Although we did not directly test this mediator-based account, the outcomes from exploratory post-hoc analyses are suggestive. In brief, we compared the final cued recall for trials in which participants said that they had guessed and correctly remembered their guess response versus trials in which they said that they had guessed but did not actually remember their guess. Final cued-recall performance was greater when participants correctly remembered versus failed to remember their original guess (78 % vs. 62 %), t(47) = 3.09, p = .003. Future research could test the mediator-based account by cuing individuals with their guess responses to retrieve the corresponding targets at final test (cf. Mäntylä, 1986; Pyc & Rawson, 2010). Presumably, guesses would be more effective cues in the guess/immediate-study than in the guess/delayed-study condition.
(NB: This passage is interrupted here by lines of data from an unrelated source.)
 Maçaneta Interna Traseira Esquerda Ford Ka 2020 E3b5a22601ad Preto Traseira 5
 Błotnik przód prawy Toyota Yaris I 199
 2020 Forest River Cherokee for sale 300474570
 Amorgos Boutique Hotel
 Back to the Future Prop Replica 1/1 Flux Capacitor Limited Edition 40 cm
Furthermore, this account predicts that the effectiveness of guess cues would vary as a function of the number of previous incorrect guesses.
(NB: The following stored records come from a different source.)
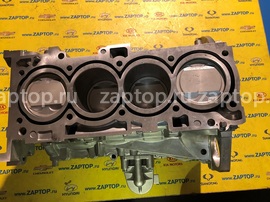 21102-25A00 Блок цилиндров G4KA Hyundai Sonata NF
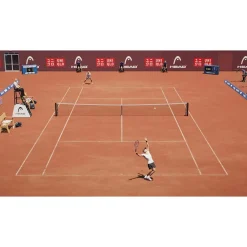 Matchpoint Tennis Championships Legends Edition Xbox One/Series X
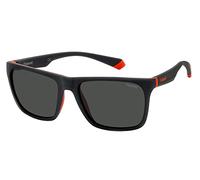 Polaroid Sonnenbrille 205718BLX56M9 - Unisex - Polyester
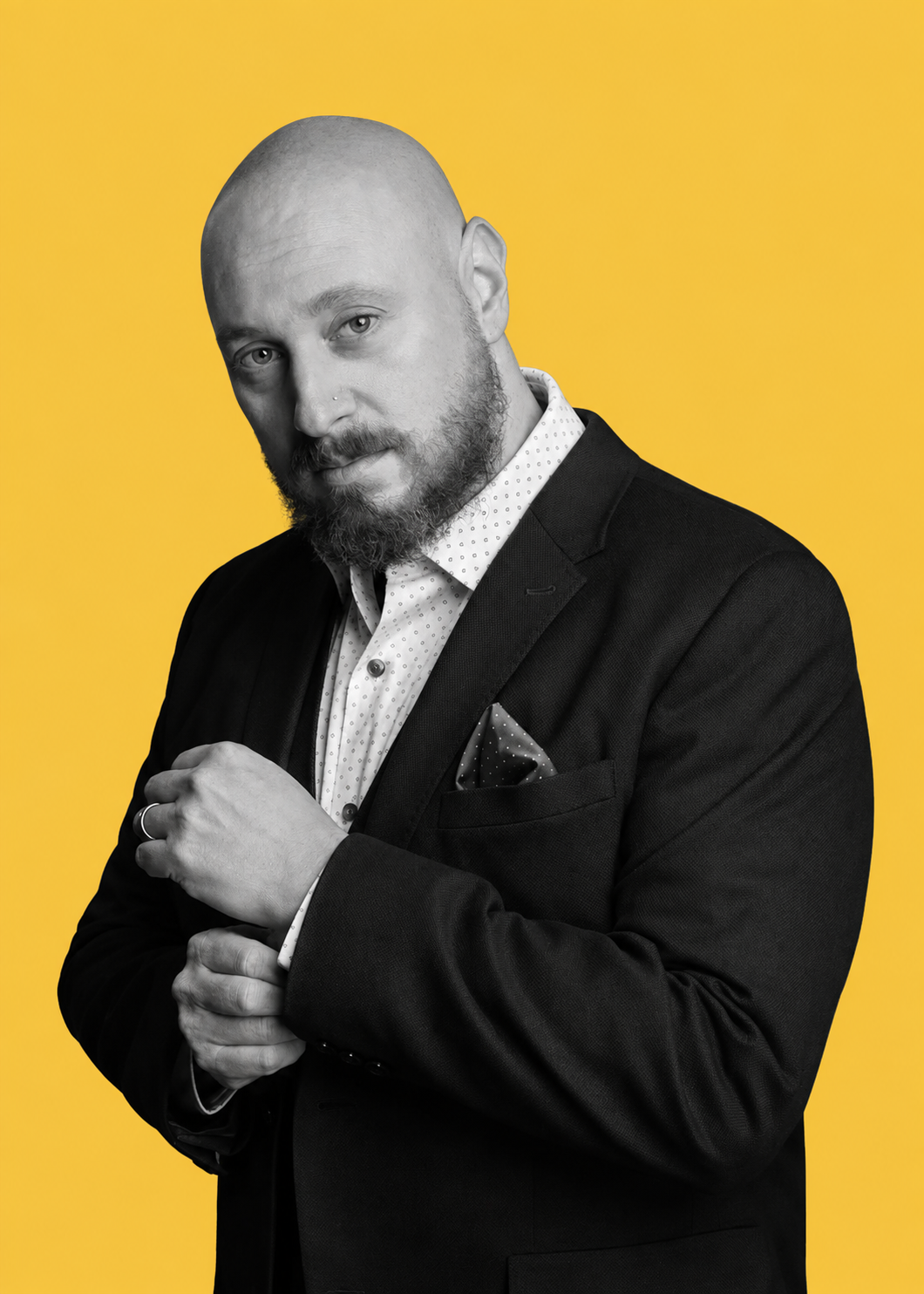 Greg Cannon
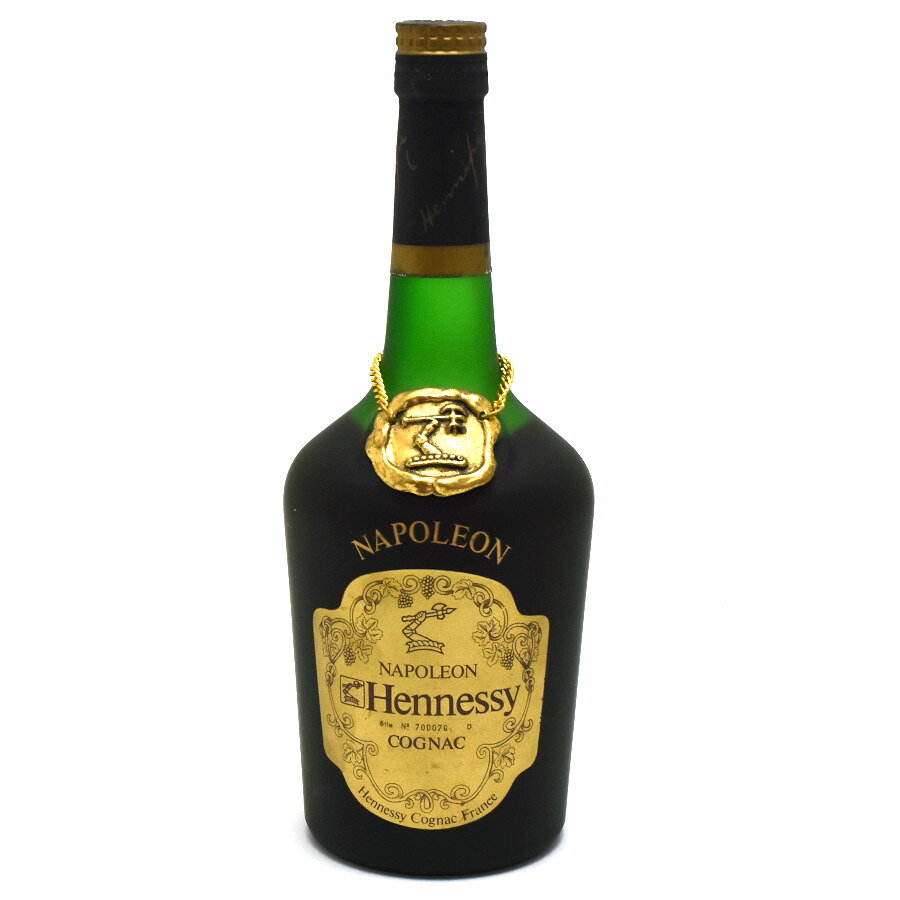 楽天市場】ヘネシー ナポレオン コニャック（ビール・洋酒）の通販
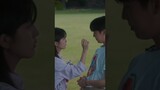 The way she straightened his hair🥰💕 #twinklingwatermelon #choihyunwook  #shineunsoo #kdrama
In the method used by Kornell et al. (2009) and in the present work, incorrect guesses were induced by initiating guess trials without prior study. By comparison, encouraging students to guess without a prior study opportunity is a common device in educational practice (e.g., questions at the beginning of textbook chapters). Would our results apply to scenarios in which a prior study opportunity had occurred, but with low levels of initial performance? To revisit a result mentioned earlier, Izawa et al. (2005) had participants first study a list of CVC–two-digit pairs before initiating either repeated studying or repeated testing. The repeated study and test trials were administered in blocks, functionally delaying the timing of subsequent study before an interim criterion test for both sets of items. As in the results from Kornell et al. and the present experiments, initial test performance for the repeated test items was very low (failure rate of approximately 95 % across test trials). Despite the initial study phase, performance on a subsequent interim test was greater for the studied than for the tested items, mirroring our results.Footnote 3

Our conclusion that prestudying is more effective than guessing when the timing of study is delayed might seem inconsistent with results reported by Richland, Kornell, and Kao (2009). In their study, participants in the guess group were given 2 min to answer five prequestions and then 8 min to study the corresponding text, whereas participants in the study-only group were given 10 min to study. Final test performance was greater in the guess group than in the study-only group with delayed study (i.e., with other prequestions or text material intervening between generating an answer to a given prequestion and encountering the answer in the text). However, the timing of encounters with the target information differed in the study-only group, and the number of times that learners read the target sentences within the allotted study time was not recorded (nor was the amount of time spent on target sentences or the spacing of rereading, if any occurred). Thus, these conditions do not map cleanly onto those used here and in Kornell et al. (2009).

In sum, the timing of study moderates the effectiveness of guessing over prestudy. Incorrect guesses are not inherently detrimental to performance, and can even enhance performance, but they do so much less when subsequent study is delayed. Thus, we have identified one of relatively few conditions in which studying outperforms testing.